COCO + Mapillary
Joint Recognition Challenge Workshop at ICCV 2019

Table of Contents

  1. Workshop Schedule
  2. Overview
  3. Dates
  4. New Rules and Awards
  5. COCO Challenges
  6. Mapillary Challenges
  7. Guest Competition: The First LVIS Challenge
  8. Invited Speaker

Location: 301
Workshop Schedule - 27.10.2019

9:00 Opening Remark Tsung-Yi Lin
9:10 Detection Intro Talk Yin Cui
9:20 COCO Detection Talks
9:50 Panoptic Intro Talk Yin Cui
10:00 COCO Panoptic Talks
10:30 Coffee
11:00 Keypoints Challenge Intro Talk Tsung-Yi Lin
11:10 COCO Keypoints Talks
11:45 DensePose Challenge Intro Talk Natalia Neverova
11:55 COCO DensePose Talks
12:05 Lunch
1:30 Invited Talk: "Detection and Friends" Alex Berg
2:10 Mapillary Intro Talk Peter Kontschieder
2:20 Mapillary Talks
2:55 Invited Talk: "Bridging the Sim-to-Real gap in Computer Vision benchmarks" Andrej Karpathy
3:35 Coffee
4:05 LVIS Challenge Intro Talk Ross Girshick
4:25 LVIS Talks

2. Overview

The goal of the joint COCO and Mapillary Workshop is to study object recognition in the context of scene understanding. While both the COCO and Mapillary challenges look at the general problem of visual recognition, the underlying datasets and the specific tasks in the challenges probe different aspects of the problem.

COCO is a widely used visual recognition dataset, designed to spur object detection research with a focus on full scene understanding. In particular: detecting non-iconic views of objects, localizing objects in images with pixel level precision, and detection in complex scenes. Mapillary Vistas is a new street-level image dataset with emphasis on high-level, semantic image understanding, with applications for autonomous vehicles and robot navigation. The dataset features locations from all around the world and is diverse in terms of weather and illumination conditions, capturing sensor characteristics, etc.

Mapillary Vistas is complementary to COCO in terms of dataset focus and can be readily used for studying various recognition tasks in a visually distinct domain from COCO. COCO focuses on recognition in natural scenes, while Mapillary focuses on recognition of street-view scenes. We encourage teams to participate in challenges across both datasets to better understand the current landscape of datasets and methods.

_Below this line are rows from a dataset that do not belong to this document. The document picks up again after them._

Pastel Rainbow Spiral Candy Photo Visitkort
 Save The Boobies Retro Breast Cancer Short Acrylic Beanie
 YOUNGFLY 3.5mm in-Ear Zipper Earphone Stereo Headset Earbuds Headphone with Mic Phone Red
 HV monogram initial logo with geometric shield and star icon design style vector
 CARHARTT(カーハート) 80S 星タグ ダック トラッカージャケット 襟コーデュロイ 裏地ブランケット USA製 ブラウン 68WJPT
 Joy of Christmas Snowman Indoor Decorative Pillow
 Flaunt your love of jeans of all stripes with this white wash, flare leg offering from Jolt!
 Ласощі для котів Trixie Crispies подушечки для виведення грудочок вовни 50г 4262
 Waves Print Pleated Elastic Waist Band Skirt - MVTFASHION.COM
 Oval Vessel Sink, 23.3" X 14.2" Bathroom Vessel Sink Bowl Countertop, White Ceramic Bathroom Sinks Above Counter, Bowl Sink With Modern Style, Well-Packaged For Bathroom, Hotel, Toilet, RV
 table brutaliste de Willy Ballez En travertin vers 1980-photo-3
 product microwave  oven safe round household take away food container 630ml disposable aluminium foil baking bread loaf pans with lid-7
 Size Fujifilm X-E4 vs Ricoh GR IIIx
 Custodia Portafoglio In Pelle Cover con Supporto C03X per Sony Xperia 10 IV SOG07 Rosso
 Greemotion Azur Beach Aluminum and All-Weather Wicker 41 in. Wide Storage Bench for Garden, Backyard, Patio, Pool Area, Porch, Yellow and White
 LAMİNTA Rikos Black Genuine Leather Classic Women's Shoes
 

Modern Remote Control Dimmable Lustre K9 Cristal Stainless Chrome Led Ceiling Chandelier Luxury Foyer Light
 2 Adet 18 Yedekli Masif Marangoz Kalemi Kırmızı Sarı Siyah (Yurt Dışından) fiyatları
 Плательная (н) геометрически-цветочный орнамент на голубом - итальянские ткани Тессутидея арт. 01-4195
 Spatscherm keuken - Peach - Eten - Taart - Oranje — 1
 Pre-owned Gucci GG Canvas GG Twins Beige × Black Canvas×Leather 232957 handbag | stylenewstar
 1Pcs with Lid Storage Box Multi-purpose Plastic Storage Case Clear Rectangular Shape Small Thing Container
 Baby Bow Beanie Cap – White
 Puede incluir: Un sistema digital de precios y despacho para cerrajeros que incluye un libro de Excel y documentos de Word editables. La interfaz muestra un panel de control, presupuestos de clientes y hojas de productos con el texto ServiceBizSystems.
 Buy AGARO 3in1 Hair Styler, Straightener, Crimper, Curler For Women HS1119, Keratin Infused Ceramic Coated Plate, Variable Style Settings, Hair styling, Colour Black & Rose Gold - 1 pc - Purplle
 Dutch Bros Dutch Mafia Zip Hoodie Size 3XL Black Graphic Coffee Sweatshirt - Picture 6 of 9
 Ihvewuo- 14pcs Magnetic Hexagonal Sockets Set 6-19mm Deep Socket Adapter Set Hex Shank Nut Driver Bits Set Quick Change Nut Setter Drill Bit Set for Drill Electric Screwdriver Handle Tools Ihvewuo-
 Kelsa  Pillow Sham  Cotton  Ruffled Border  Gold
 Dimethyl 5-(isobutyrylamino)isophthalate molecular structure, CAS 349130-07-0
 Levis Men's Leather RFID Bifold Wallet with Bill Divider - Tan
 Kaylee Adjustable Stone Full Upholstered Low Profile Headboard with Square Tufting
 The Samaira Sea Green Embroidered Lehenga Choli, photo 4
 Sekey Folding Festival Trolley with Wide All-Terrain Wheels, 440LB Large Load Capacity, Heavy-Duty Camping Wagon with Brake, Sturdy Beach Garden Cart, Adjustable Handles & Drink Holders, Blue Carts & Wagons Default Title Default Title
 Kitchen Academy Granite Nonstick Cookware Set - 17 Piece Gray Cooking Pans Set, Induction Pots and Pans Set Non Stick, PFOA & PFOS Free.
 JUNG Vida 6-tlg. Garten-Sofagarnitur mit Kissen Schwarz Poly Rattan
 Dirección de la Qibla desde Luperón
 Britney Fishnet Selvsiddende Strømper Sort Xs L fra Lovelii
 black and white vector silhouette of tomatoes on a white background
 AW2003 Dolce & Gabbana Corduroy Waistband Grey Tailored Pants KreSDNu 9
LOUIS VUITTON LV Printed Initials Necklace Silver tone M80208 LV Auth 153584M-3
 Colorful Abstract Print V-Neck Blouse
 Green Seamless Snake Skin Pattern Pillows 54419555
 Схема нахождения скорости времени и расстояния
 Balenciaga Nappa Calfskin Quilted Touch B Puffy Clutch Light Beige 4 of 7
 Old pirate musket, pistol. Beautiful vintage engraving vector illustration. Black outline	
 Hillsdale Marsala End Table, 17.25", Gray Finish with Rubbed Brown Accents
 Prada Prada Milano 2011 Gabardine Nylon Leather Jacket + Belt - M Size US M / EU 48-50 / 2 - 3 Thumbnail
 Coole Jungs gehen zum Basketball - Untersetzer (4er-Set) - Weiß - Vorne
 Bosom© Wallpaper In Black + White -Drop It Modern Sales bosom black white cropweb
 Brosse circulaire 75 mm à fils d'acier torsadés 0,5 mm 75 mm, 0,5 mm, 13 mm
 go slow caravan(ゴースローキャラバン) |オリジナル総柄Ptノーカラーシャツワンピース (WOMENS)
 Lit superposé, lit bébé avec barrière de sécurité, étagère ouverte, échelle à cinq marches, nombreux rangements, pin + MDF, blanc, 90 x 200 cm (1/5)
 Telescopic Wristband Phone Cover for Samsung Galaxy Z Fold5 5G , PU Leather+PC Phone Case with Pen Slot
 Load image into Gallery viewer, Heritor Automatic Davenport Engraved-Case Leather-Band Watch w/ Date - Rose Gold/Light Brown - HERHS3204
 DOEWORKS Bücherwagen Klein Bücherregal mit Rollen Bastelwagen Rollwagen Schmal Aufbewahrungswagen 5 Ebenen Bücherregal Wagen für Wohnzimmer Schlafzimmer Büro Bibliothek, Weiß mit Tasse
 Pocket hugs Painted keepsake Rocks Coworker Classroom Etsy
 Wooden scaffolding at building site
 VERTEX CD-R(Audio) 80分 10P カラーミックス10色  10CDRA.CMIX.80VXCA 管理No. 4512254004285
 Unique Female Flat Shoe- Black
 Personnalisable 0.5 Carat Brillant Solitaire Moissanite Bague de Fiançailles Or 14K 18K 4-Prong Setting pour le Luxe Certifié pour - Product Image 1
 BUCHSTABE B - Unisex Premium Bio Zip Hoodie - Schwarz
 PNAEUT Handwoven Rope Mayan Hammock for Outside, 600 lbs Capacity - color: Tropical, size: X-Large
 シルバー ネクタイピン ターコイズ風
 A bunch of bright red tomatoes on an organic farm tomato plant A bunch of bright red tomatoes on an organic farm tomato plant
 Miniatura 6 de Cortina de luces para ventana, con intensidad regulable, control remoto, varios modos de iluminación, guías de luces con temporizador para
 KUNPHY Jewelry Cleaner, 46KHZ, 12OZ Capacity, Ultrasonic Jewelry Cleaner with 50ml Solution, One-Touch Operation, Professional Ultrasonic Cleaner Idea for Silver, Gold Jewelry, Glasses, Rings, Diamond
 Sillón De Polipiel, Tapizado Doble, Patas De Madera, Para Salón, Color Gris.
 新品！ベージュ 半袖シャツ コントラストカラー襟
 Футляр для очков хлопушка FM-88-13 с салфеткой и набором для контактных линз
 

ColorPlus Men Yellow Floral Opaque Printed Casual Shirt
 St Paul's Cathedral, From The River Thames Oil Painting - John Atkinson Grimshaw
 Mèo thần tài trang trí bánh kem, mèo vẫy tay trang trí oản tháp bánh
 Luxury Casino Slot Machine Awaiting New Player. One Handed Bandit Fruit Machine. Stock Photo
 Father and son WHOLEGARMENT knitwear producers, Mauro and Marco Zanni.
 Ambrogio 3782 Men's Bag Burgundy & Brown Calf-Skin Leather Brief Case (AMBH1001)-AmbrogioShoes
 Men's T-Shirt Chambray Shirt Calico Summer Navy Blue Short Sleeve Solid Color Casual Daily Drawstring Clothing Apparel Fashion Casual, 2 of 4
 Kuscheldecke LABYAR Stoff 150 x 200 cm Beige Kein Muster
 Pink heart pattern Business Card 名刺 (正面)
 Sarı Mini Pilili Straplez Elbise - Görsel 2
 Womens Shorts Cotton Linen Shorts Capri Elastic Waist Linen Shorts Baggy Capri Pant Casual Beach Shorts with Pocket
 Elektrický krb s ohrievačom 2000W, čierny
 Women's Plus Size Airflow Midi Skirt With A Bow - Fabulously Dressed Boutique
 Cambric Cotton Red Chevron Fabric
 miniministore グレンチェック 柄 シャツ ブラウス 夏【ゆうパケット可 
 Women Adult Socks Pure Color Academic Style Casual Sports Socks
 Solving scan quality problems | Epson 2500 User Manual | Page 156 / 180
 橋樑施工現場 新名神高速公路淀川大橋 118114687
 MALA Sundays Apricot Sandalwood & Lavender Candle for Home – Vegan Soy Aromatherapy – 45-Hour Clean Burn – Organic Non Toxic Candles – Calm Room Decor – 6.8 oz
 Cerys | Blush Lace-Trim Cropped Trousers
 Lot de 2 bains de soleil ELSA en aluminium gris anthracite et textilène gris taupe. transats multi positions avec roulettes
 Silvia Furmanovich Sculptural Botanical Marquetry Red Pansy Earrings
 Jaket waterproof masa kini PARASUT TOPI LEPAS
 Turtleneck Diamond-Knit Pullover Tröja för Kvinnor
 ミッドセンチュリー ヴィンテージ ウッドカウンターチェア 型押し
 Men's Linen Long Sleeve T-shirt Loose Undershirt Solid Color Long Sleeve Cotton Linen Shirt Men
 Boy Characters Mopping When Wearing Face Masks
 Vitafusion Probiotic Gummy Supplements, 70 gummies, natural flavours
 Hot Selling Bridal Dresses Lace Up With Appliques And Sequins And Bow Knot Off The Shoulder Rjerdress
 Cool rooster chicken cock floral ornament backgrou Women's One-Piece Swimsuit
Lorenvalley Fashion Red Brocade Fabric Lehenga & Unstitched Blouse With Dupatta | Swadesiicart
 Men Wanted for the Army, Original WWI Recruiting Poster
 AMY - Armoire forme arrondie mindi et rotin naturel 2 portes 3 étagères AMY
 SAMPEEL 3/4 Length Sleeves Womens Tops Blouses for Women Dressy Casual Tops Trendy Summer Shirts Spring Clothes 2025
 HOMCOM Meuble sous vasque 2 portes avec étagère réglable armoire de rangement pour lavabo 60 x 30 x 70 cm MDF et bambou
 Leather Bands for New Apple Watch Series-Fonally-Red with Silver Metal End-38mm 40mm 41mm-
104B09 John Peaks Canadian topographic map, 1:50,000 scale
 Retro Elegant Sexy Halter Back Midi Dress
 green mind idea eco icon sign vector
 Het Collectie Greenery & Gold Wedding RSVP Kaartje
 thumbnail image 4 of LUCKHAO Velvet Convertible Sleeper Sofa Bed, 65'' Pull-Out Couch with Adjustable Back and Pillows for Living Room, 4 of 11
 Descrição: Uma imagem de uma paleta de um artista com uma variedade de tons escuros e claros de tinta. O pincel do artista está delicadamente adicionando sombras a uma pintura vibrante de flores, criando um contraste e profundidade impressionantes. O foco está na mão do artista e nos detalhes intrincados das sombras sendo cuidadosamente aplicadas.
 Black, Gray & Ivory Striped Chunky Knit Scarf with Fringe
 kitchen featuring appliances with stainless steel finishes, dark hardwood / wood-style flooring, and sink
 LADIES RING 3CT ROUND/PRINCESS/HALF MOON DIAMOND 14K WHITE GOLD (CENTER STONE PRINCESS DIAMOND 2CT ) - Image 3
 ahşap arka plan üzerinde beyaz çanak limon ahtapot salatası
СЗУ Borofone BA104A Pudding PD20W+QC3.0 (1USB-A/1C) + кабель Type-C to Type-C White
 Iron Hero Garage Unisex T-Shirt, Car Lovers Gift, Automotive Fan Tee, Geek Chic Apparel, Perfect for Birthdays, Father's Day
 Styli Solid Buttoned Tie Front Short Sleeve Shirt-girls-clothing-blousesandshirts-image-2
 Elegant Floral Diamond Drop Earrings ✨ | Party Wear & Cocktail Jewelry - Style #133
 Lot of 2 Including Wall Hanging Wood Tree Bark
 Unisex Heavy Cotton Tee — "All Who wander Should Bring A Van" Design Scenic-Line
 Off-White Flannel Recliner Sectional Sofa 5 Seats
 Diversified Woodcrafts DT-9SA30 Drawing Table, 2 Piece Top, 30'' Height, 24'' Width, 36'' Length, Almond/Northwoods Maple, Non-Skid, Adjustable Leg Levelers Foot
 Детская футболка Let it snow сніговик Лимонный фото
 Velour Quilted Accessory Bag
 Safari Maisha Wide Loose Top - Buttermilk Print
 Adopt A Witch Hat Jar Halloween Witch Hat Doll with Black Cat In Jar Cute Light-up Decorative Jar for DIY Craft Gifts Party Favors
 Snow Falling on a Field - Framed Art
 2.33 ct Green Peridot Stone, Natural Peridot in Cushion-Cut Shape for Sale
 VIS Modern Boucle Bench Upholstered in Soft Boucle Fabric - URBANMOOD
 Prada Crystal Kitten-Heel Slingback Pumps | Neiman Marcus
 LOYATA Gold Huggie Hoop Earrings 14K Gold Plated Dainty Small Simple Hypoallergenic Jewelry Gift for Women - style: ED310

Challenge tasks: COCO helped popularize instance segmentation and this year both COCO and Mapillary feature this task, where the goal is to simultaneously detect and segment each object instance. As detection has matured over the years, COCO is no longer featuring the bounding-box detection task. While the leaderboard will remain open, the bounding-box detection task is not a workshop challenge; instead we encourage researchers to focus on the more challenging and visually informative instance segmentation task or to tackle low-shot object detection in the LVIS Challenge. As in previous years, COCO features the popular person keypoint challenge track. In addition, COCO features a DensePose track for mapping all human pixels to a 3D surface of the human body for the second time.

This year we feature panoptic segmentation task for the second time. Panoptic segmentation addresses both stuff and thing classes, unifying the typically distinct semantic and instance segmentation tasks. The definition of panoptic is “including everything visible in one view”, in this context panoptic refers to a unified, global view of segmentation. The aim is to generate coherent scene segmentations that are rich and complete, an important step toward real-world vision systems. For more details about the panoptic task, including evaluation metrics, please see this paper. Both COCO and Mapillary will feature panoptic segmentation challenges.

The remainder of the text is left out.